Prezydent może zablokować wypłatę pieniędzy z KPO? Minister funduszy odpowiada
Polska w połowie grudnia złożyła pierwszy wniosek o wypłatę pieniędzy z polskiego Krajowego Planu Odbudowy. Wniosek musi zostać oceniony przez Komisję Europejską. – Normalny proces to jest od dwóch do trzech miesięcy – mówiła w czwartek (11.01) w Brukseli minister funduszy i polityki regionalnej Katarzyna Pełczyńska-Nałęcz.
Zaznaczyła, że “to jest w ogromnym stopniu uzależnione od procesu realizacji reform sądownictwa”. W jej ocenie ewentualny brak podpisu prezydenta Andrzeja Dudy pod rządowymi ustawami nie zablokuje wypłat pieniędzy z KPO dla Polski.
Środki będą mogły trafić do Polski, jeśli będzie zgoda Komisji Europejskiej. KE musi dokonać oceny wniosku. – Normalny proces to jest od dwóch do trzech miesięcy. W związku z tym, skoro wniosek został złożony w połowie grudnia, to najpóźniej spodziewamy się koniec marca, początek kwietnia, ale gdyby była możliwość przyspieszenia, to oczywiście byłoby bardzo dobrze – mówiła w czwartek w Brukseli minister funduszy i polityki regionalnej Katarzyna Pełczyńska-Nałęcz.

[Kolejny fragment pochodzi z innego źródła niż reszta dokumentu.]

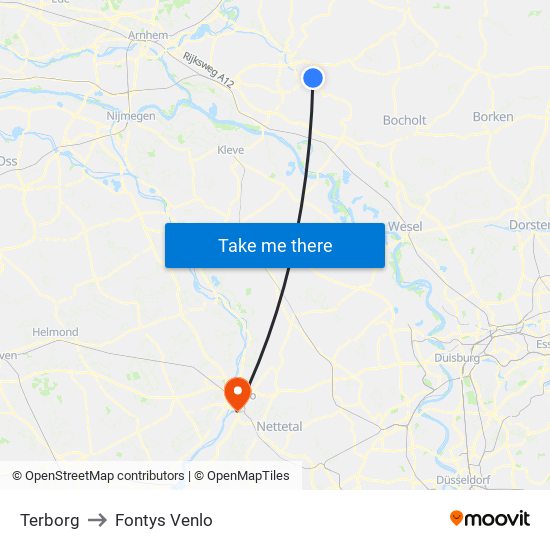 Terborg to Fontys Venlo map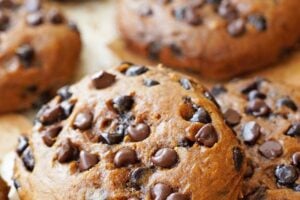 An image of pumpkin chocolate chip cookies with text overlay for Pinterest.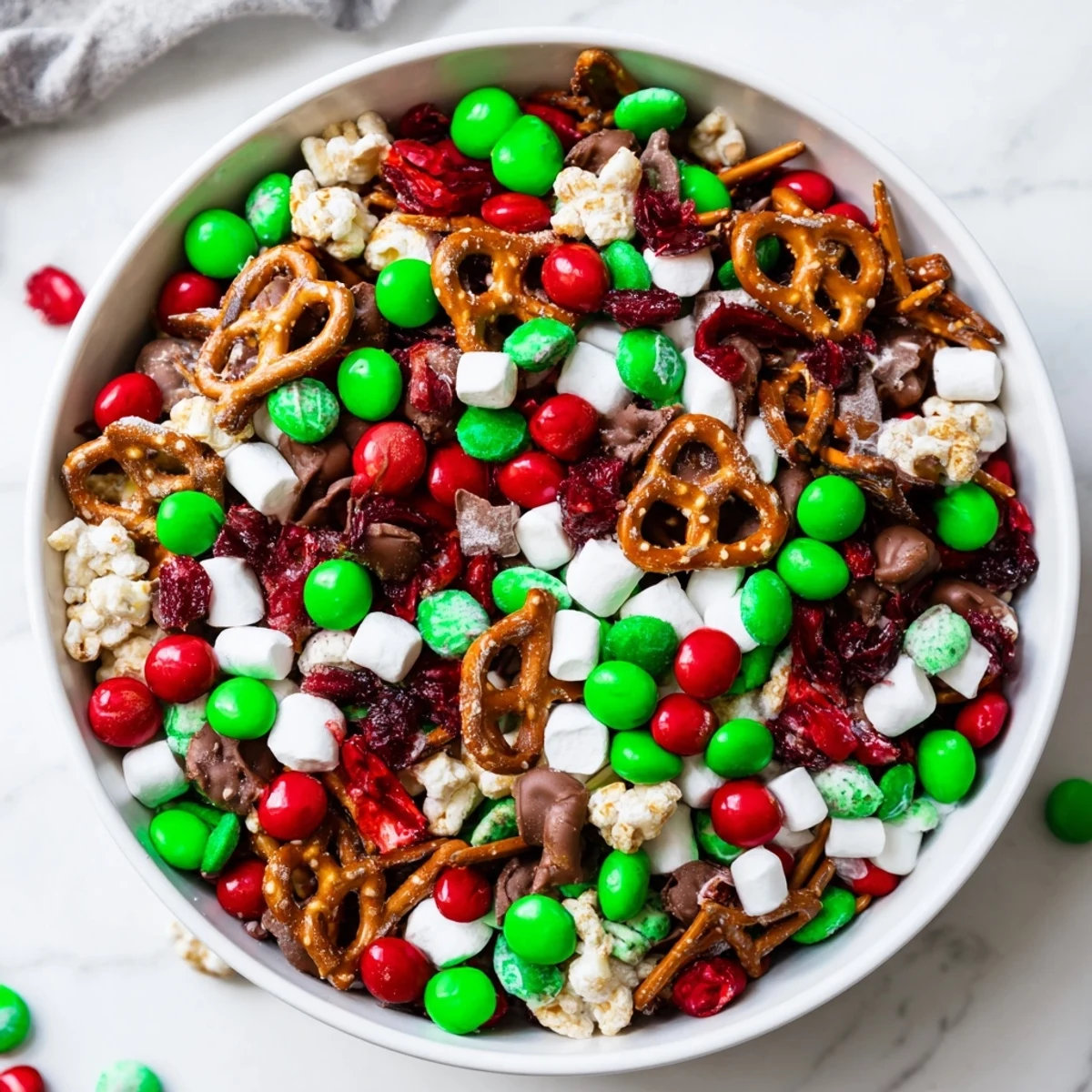 Festive Elf Snack Trail Mix Board overflowing with colorful candies, pretzels, and dried fruits; perfect snack.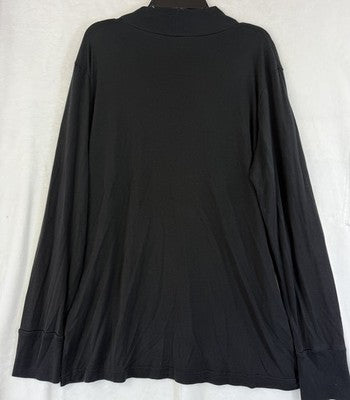 WinterSilks Base Layer XL Mens Black 100% Silk Mock Neck Long Sleeve Ski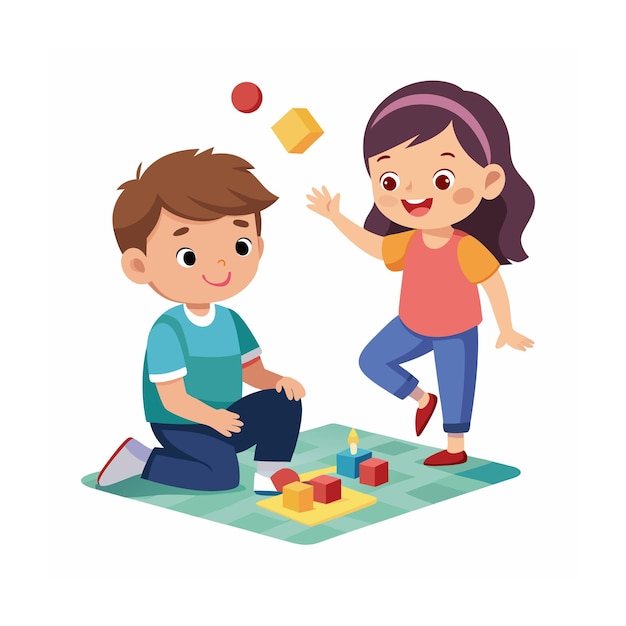 Kids Playing and Entertaining Moments Vector Illustration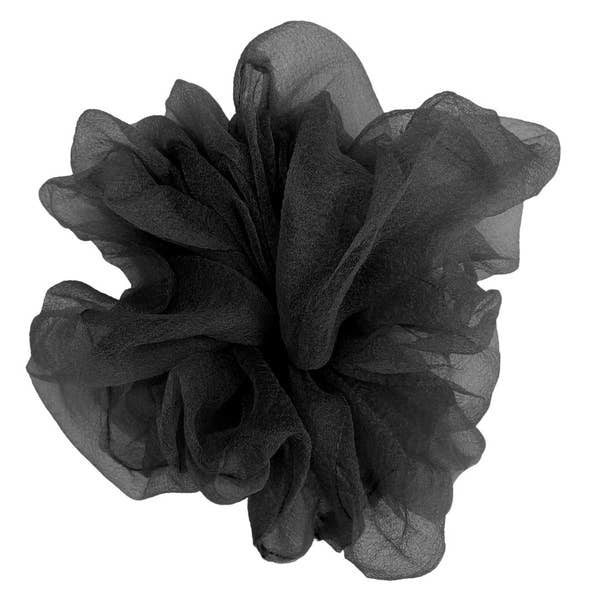 Luxe Oversized Sheer Scrunchie Black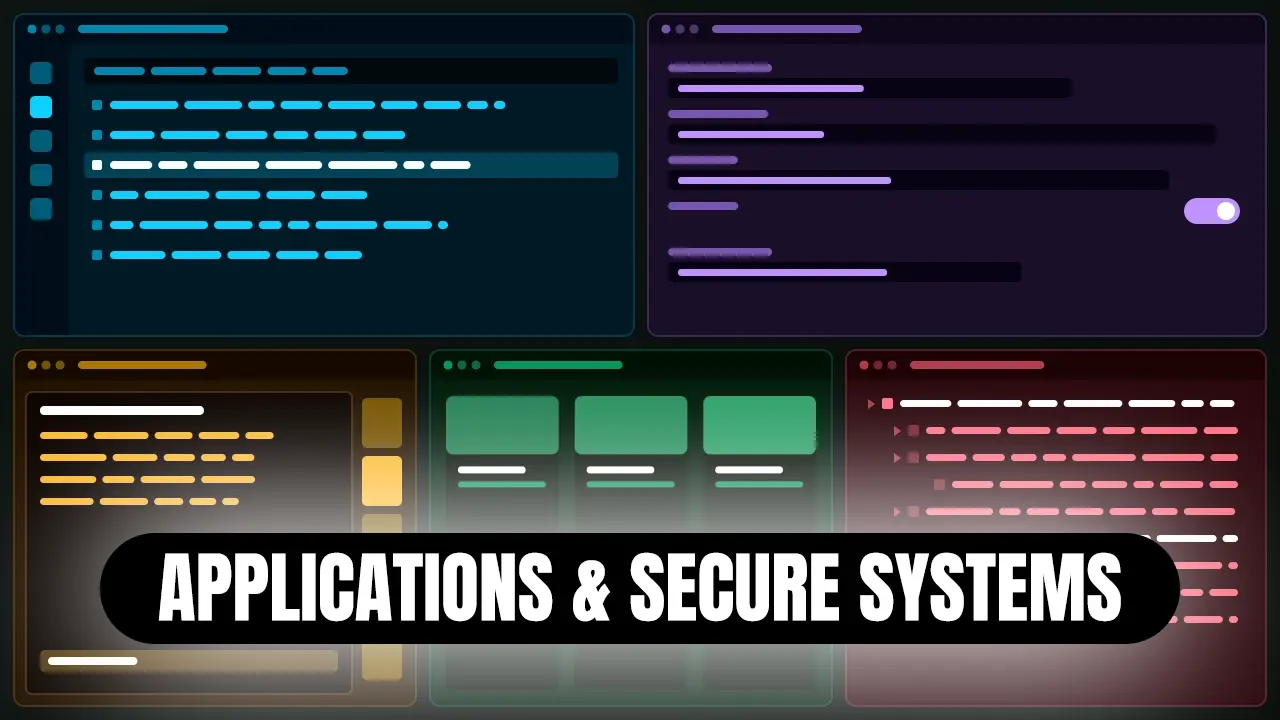 An abstract montage of five stylised application windows, each in a different colour — a list of records, a properties form, a display panel with hardware keys, a grid of components and a tree view — text states Applications & Secure Systems.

Zaznaczyła, że “to jest w ogromnym stopniu uzależnione od procesu realizacji reform sądownictwa”. Jak wskazywała wcześniej Komisja Europejska, chodzi o trzy “superkamienie milowe” związane ze wzmocnieniem ważnych aspektów niezależności polskiego sądownictwa i wykorzystaniem Arachne – narzędzia informatycznego wspierającego państwa członkowskie w ich działaniach w zakresie zwalczania nadużyć finansowych.